*Exercise directions*
Take the data below. Output it exactly from its first line through the line containing "Quốc hội ảnh 2".

------------------------------------------------------------

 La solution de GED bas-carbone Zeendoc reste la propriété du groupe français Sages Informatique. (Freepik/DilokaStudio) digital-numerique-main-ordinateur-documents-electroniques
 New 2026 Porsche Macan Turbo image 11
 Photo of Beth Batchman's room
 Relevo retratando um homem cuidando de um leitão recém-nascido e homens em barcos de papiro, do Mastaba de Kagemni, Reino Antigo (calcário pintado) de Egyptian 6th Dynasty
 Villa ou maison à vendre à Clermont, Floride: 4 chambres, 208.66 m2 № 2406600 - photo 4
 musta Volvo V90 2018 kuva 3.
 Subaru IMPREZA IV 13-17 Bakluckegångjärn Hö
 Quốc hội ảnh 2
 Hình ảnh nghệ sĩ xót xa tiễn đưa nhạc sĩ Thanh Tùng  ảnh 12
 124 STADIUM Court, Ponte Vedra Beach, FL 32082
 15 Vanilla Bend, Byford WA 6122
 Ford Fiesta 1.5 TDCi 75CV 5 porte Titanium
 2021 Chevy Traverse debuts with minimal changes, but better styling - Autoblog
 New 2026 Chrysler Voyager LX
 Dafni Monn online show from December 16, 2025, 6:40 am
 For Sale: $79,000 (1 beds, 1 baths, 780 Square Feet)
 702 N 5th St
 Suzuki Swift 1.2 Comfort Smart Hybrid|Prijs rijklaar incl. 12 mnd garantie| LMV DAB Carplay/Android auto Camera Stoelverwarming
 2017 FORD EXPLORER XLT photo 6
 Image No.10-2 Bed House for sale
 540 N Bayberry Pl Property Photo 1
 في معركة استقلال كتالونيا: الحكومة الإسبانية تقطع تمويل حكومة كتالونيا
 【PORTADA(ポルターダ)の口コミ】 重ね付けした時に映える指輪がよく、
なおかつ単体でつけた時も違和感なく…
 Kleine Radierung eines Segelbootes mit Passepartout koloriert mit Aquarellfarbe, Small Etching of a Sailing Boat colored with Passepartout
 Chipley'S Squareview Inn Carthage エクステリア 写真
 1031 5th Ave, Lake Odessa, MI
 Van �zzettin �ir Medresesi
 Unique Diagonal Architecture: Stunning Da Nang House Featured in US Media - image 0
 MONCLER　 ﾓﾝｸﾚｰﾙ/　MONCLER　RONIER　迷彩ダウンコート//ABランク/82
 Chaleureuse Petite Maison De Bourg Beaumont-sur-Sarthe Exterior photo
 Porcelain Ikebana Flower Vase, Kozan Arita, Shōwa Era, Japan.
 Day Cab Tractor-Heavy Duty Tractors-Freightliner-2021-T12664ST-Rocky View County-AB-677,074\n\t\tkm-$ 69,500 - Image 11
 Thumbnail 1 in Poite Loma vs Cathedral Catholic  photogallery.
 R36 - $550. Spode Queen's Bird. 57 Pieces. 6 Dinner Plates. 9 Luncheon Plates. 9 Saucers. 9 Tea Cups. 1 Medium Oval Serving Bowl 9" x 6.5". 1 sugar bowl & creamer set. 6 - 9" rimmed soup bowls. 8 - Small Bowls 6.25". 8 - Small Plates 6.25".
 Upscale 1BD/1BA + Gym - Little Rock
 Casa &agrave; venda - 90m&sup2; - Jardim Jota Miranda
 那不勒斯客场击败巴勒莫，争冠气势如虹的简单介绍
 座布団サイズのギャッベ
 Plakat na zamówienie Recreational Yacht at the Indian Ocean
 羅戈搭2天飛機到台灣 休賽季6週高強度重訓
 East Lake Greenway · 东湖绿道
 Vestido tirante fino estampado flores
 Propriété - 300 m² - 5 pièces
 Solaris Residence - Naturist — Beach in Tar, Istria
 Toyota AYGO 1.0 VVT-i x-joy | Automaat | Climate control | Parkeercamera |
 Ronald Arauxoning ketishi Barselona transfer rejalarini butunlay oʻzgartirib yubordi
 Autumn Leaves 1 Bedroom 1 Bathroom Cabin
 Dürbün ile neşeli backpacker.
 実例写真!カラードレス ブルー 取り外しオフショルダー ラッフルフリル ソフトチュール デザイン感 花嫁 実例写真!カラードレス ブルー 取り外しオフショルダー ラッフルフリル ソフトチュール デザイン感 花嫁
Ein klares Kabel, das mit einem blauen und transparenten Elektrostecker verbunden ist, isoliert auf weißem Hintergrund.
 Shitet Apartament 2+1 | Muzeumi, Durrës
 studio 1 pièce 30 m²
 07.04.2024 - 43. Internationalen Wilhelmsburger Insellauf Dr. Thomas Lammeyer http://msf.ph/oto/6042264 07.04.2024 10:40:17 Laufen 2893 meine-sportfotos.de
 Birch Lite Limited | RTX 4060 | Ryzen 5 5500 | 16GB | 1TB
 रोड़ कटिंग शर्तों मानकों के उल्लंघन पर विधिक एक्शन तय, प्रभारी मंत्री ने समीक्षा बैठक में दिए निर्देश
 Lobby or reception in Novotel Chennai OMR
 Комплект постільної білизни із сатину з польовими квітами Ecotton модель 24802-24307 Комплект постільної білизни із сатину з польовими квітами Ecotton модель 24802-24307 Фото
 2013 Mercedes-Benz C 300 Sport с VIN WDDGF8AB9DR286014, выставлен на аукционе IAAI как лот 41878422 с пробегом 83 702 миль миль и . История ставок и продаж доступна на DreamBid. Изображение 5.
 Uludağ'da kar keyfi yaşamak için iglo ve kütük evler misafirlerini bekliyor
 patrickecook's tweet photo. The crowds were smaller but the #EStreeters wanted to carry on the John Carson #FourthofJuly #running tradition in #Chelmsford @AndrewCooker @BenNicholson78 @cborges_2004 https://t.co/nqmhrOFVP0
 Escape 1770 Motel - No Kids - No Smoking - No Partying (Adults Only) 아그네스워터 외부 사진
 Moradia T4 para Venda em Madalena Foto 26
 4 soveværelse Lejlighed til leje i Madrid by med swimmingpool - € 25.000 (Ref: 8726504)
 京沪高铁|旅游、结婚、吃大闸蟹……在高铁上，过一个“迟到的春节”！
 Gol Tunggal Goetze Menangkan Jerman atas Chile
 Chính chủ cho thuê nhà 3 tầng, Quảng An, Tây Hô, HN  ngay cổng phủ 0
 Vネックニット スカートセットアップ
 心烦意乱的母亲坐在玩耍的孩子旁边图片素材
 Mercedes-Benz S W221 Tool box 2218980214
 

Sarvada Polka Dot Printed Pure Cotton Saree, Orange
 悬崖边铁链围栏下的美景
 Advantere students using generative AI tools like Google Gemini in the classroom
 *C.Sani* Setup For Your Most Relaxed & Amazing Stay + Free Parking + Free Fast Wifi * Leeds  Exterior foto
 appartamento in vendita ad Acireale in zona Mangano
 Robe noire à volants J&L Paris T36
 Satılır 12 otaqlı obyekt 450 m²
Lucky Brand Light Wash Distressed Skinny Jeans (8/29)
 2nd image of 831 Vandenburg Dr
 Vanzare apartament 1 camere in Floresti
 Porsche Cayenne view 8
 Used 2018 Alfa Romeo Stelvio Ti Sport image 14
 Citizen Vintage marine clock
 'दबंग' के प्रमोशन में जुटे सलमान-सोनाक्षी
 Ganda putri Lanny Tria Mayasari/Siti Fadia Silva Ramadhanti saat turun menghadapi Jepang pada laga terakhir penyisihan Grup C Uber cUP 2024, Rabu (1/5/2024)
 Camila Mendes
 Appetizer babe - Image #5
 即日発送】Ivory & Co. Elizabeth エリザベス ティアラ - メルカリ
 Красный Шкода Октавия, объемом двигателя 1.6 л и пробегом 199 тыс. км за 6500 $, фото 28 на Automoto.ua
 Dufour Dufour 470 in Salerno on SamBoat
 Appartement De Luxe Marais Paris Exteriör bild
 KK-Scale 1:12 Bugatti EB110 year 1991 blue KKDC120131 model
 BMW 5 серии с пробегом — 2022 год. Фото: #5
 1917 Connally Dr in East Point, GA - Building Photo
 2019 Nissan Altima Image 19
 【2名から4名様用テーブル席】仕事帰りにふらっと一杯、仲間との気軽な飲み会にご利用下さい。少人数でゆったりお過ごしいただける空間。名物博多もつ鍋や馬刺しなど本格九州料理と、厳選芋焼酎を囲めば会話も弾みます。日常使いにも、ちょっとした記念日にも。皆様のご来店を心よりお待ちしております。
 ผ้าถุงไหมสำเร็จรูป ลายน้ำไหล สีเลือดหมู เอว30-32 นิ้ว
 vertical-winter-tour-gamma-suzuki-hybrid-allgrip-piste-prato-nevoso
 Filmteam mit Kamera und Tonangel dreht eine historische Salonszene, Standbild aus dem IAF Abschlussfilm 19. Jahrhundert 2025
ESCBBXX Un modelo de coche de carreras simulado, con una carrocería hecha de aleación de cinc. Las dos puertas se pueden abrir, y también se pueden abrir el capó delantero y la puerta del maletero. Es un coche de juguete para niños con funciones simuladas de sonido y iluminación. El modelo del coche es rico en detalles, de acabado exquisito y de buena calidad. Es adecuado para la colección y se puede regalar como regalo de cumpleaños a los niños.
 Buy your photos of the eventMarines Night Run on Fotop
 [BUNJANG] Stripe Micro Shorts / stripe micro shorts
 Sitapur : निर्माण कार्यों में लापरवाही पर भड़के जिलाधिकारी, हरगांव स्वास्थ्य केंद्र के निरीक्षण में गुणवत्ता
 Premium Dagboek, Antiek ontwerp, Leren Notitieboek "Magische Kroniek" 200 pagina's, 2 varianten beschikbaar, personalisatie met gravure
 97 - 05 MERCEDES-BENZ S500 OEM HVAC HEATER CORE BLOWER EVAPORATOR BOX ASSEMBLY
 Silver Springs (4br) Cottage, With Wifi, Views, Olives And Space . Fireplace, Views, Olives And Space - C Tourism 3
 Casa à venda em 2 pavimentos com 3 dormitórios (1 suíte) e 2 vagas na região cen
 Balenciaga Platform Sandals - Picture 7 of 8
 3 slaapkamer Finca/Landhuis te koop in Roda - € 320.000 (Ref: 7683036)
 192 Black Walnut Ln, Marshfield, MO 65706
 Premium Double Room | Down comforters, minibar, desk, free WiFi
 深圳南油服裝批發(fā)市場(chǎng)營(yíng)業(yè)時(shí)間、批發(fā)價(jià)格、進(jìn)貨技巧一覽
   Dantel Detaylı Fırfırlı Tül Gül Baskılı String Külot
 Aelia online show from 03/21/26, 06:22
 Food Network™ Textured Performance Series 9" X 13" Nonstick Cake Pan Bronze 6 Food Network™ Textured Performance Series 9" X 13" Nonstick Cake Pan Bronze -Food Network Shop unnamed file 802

------------------------------------------------------------

*Reply*
 La solution de GED bas-carbone Zeendoc reste la propriété du groupe français Sages Informatique. (Freepik/DilokaStudio) digital-numerique-main-ordinateur-documents-electroniques
 New 2026 Porsche Macan Turbo image 11
 Photo of Beth Batchman's room
 Relevo retratando um homem cuidando de um leitão recém-nascido e homens em barcos de papiro, do Mastaba de Kagemni, Reino Antigo (calcário pintado) de Egyptian 6th Dynasty
 Villa ou maison à vendre à Clermont, Floride: 4 chambres, 208.66 m2 № 2406600 - photo 4
 musta Volvo V90 2018 kuva 3.
 Subaru IMPREZA IV 13-17 Bakluckegångjärn Hö
 Quốc hội ảnh 2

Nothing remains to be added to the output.